**SUPPLIED ENTRIES:**
+++

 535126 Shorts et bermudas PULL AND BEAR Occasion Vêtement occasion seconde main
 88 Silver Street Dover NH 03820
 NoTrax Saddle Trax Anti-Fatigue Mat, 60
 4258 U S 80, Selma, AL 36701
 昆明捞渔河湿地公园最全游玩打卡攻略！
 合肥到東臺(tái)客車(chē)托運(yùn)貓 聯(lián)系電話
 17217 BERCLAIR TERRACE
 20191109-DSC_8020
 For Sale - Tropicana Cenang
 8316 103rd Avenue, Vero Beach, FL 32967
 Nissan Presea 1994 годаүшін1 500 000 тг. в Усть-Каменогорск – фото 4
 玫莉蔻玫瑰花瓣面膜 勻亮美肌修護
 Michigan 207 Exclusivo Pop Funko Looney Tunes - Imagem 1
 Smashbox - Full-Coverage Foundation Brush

+++

**ASSIGNED TASK:** All entries given above should be transcribed exactly, with none omitted.

**YOUR SOLUTION:**
 535126 Shorts et bermudas PULL AND BEAR Occasion Vêtement occasion seconde main
 88 Silver Street Dover NH 03820
 NoTrax Saddle Trax Anti-Fatigue Mat, 60
 4258 U S 80, Selma, AL 36701
 昆明捞渔河湿地公园最全游玩打卡攻略！
 合肥到東臺(tái)客車(chē)托運(yùn)貓 聯(lián)系電話
 17217 BERCLAIR TERRACE
 20191109-DSC_8020
 For Sale - Tropicana Cenang
 8316 103rd Avenue, Vero Beach, FL 32967
 Nissan Presea 1994 годаүшін1 500 000 тг. в Усть-Каменогорск – фото 4
 玫莉蔻玫瑰花瓣面膜 勻亮美肌修護
 Michigan 207 Exclusivo Pop Funko Looney Tunes - Imagem 1
 Smashbox - Full-Coverage Foundation Brush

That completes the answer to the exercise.